Sgt. David Brunson will tell you getting tased is a lot better than getting pepper sprayed.

“Pepper spray hurts a lot longer,” he said.

The Frisco Police Department sergeant recently challenged his basic police officer class, comprising graduating cadets from the Frisco, McKinney, Plano and Richardson police departments, to raise $1,000 for the Frisco Family Services Food Pantry. In return, he said, he would allow himself to get tased.

They raised the money.

As a result, Brunson received his end of the bargain.

“It completely shuts down your entire muscle groups,” he said. “You can't do anything. You just kind of go down. It hurts. Certainly it hurts, but it's short-lived.”

After Brunson got tased, he wanted to use the moment to teach his students, who he calls his “kids,” a lesson.

“Once they pulled the prongs out, I started doing push-ups just to show the kids that just because the tasers hit them and take them down doesn't mean they're out of the fight,” he said. “So you've always got to be prepared for whatever might come after that.”

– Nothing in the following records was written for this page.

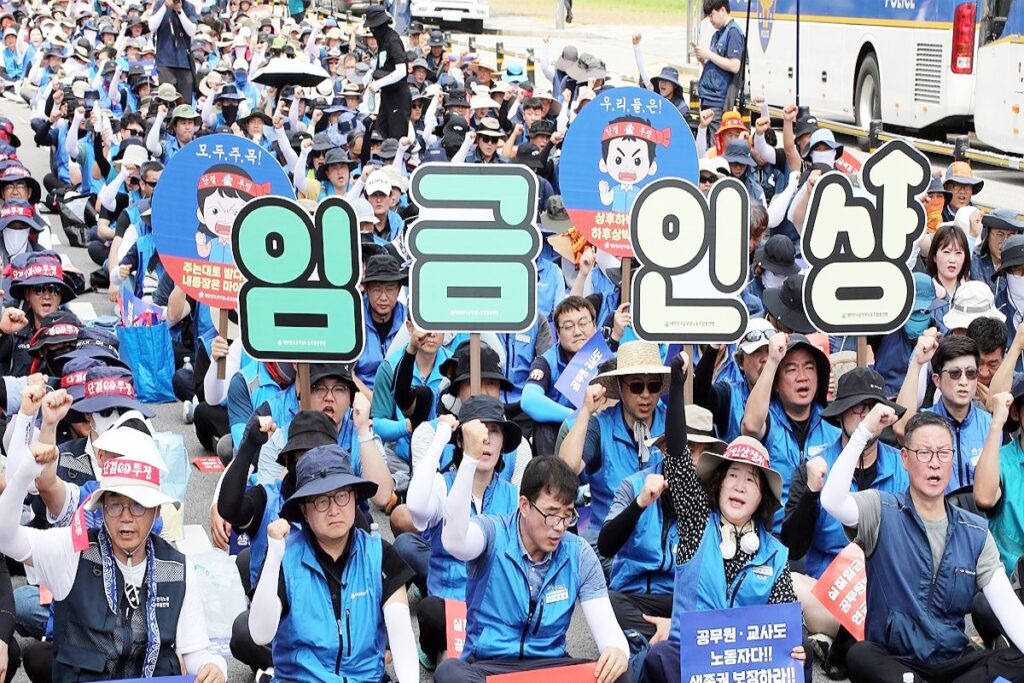 신입 월급 300만 원? "우린 어떡하라고"...선배님들은 '웁니다' 5 9급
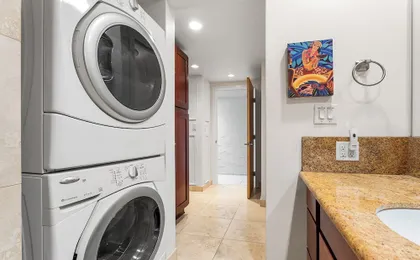 Oceanfront Complex - Updated Ground-floor Condo w/ AC & 2 Pools - Vrkcv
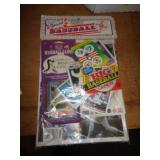 VINTAGE BASEBALL CARD COLLECTOR PACK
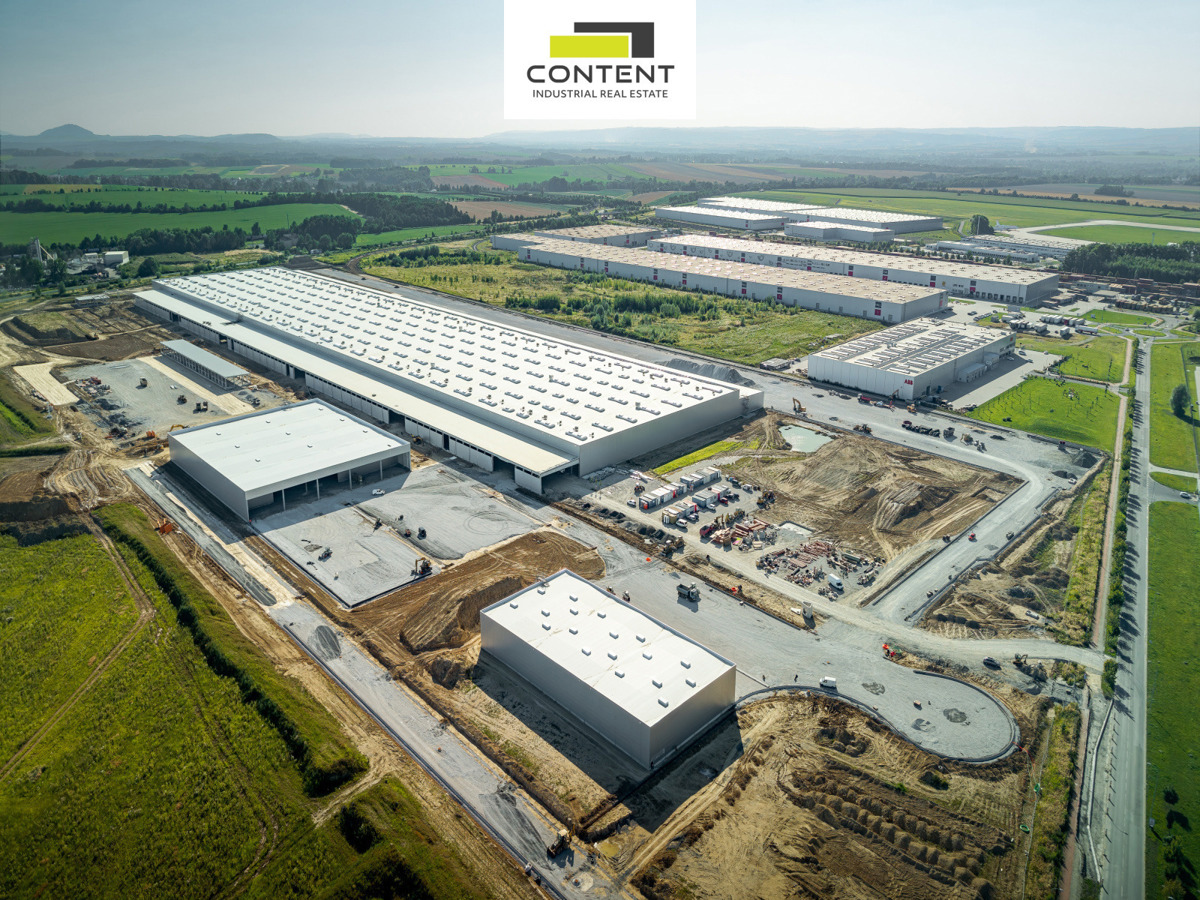 Photo 2 - Commercial property for rent · Warehouse · 21 000 m²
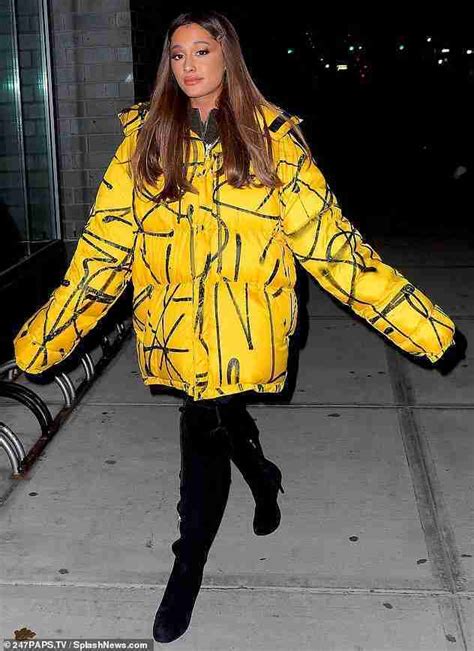 Ariana Grande Yellow Ubicaciondepersonascdmxgobmx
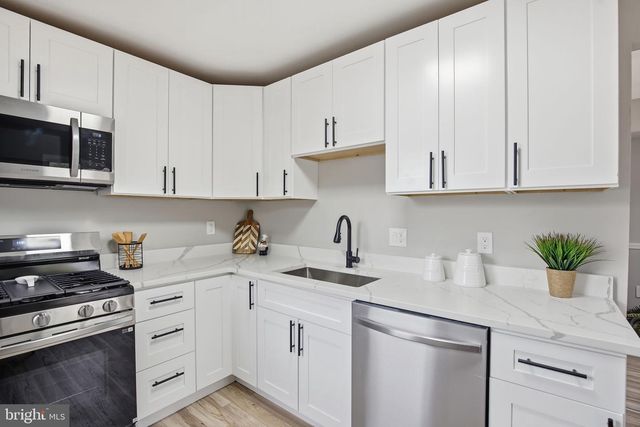 8215 CONSETT CT, Severn, MD 21144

This wasn’t the first time Brunson had gotten tased in an act of charity. The year before, he had challenged his class at the time, which was smaller, to raise $500 for the same organization.

Brunson said he always encourages his classes to give to the community.

“Because that's really what we're supposed to do as police officers,” he said, “give of ourselves regardless of the outcome. And so I think it's important we take that one step forward and truly give to the community whenever we can. So it's more of an inspiring thing for them. I try to inspire them to just do good things.”

Brunson said he chose to have the money go to the food pantry in part because his wife had experience volunteering there.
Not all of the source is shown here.